═════ DATASET

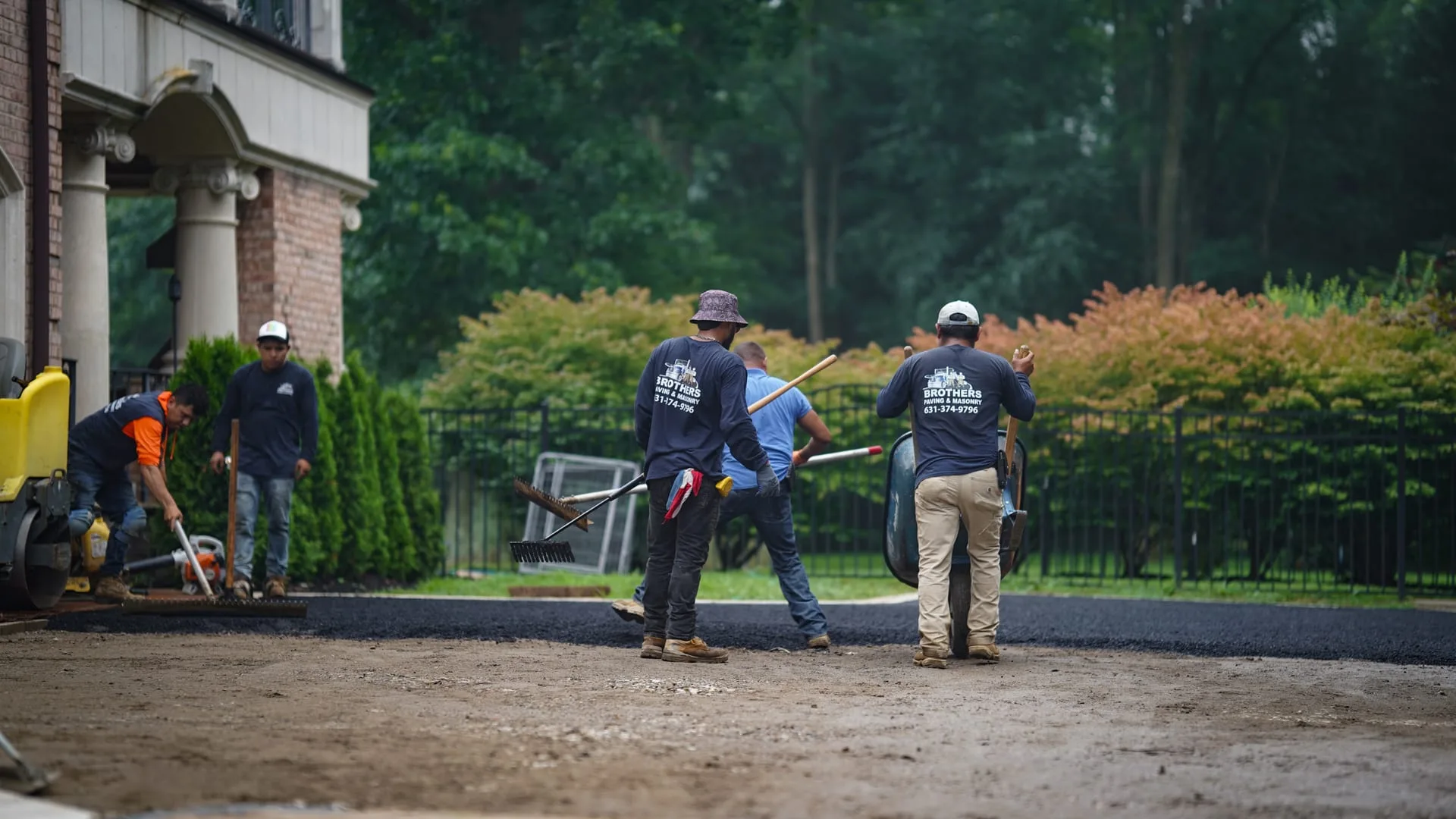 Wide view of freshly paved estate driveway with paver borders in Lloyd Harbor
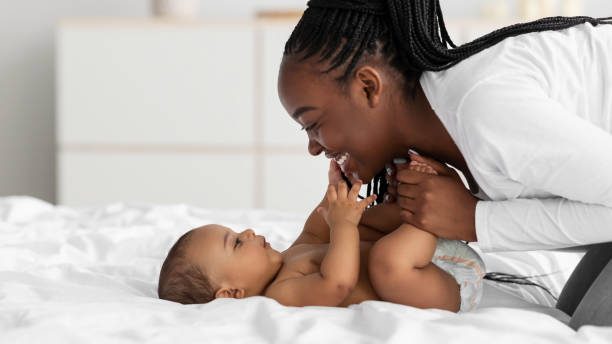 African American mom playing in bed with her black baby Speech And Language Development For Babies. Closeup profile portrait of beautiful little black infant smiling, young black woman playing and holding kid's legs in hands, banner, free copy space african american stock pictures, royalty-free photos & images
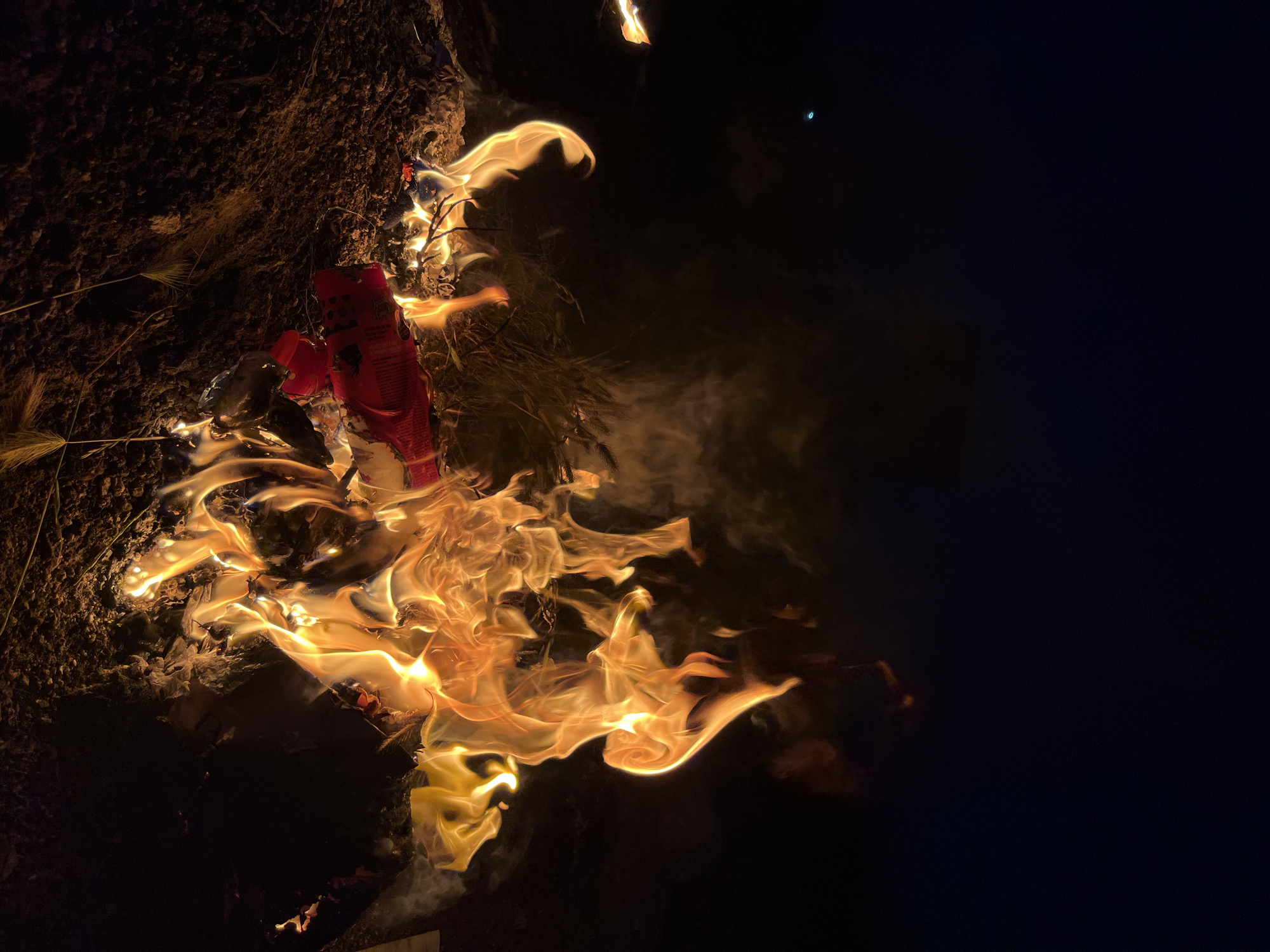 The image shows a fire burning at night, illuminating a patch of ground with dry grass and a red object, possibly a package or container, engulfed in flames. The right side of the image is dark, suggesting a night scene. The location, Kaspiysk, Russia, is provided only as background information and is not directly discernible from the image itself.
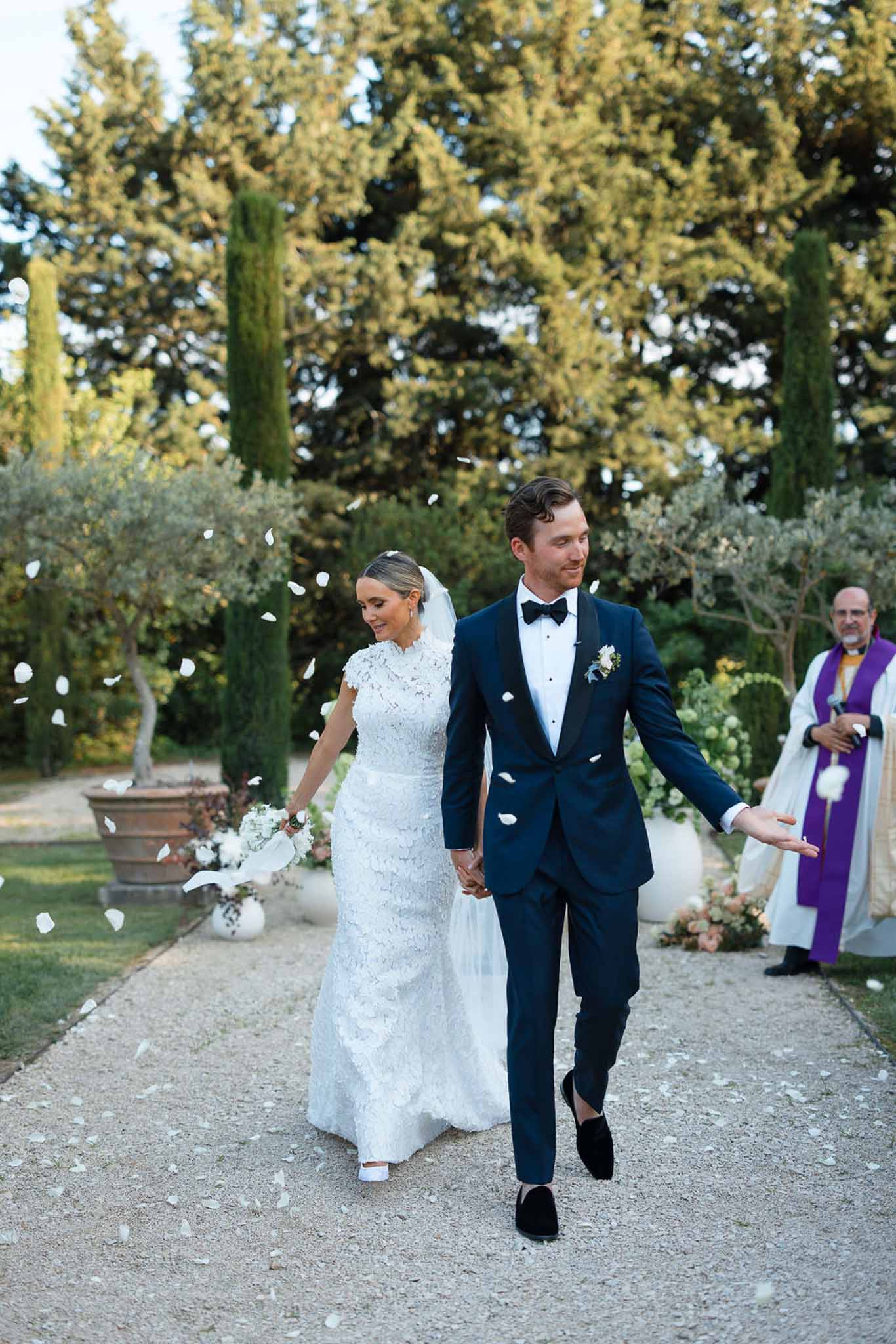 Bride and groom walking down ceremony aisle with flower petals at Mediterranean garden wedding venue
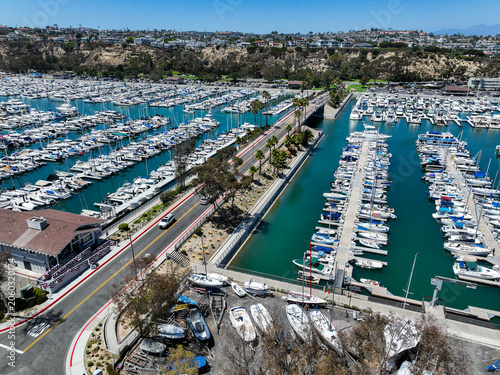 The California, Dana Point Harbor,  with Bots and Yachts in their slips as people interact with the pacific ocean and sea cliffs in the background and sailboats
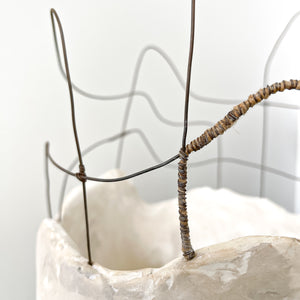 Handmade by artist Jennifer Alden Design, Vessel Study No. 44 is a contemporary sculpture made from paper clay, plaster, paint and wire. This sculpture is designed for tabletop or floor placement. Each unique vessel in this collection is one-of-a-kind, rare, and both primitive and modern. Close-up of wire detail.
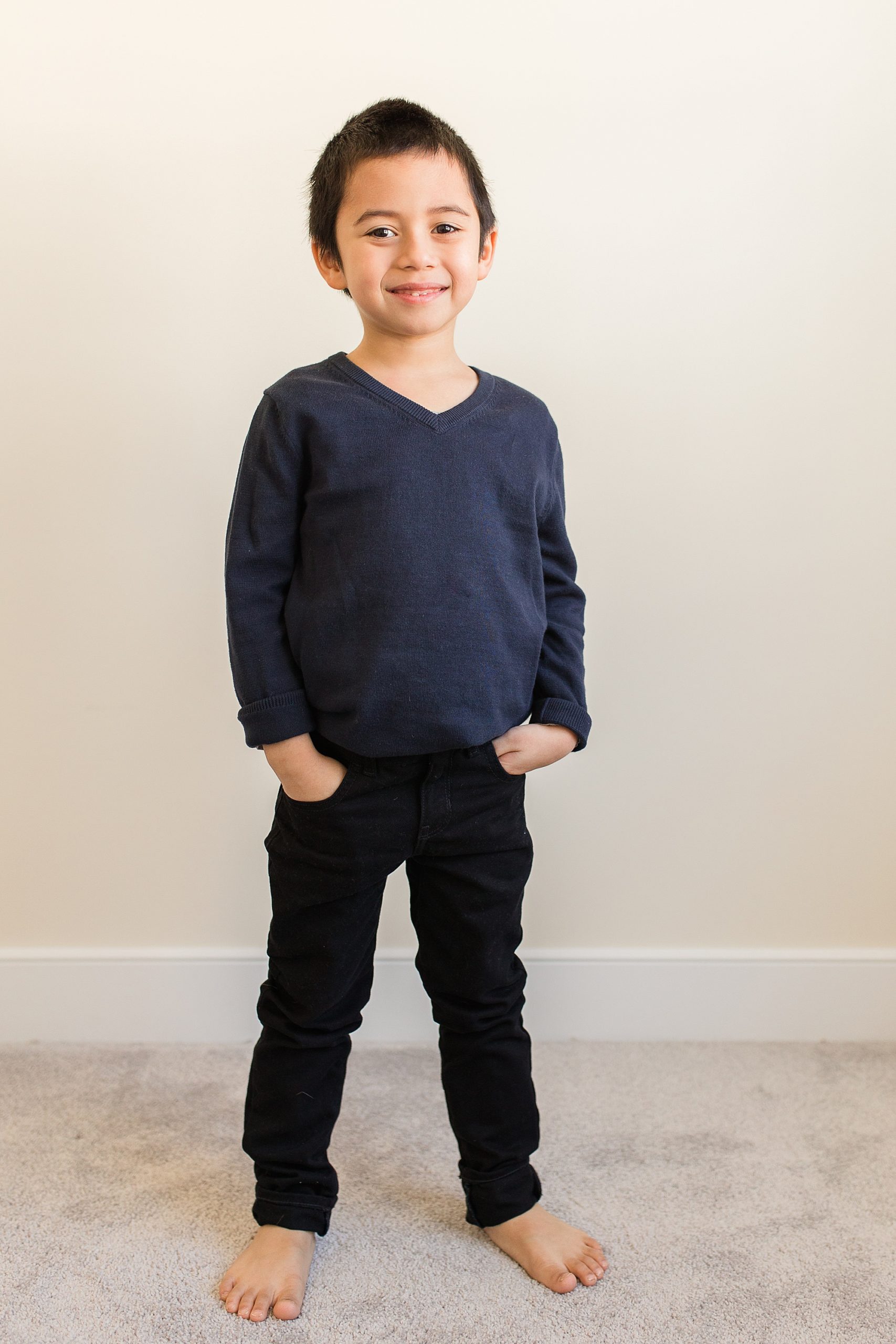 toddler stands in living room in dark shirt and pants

══════════

Restate only the lines running from the start of the material above through the line containing "African American mom", ends included. No pictures.

 Wide view of freshly paved estate driveway with paver borders in Lloyd Harbor
 African American mom playing in bed with her black baby Speech And Language Development For Babies. Closeup profile portrait of beautiful little black infant smiling, young black woman playing and holding kid's legs in hands, banner, free copy space african american stock pictures, royalty-free photos & images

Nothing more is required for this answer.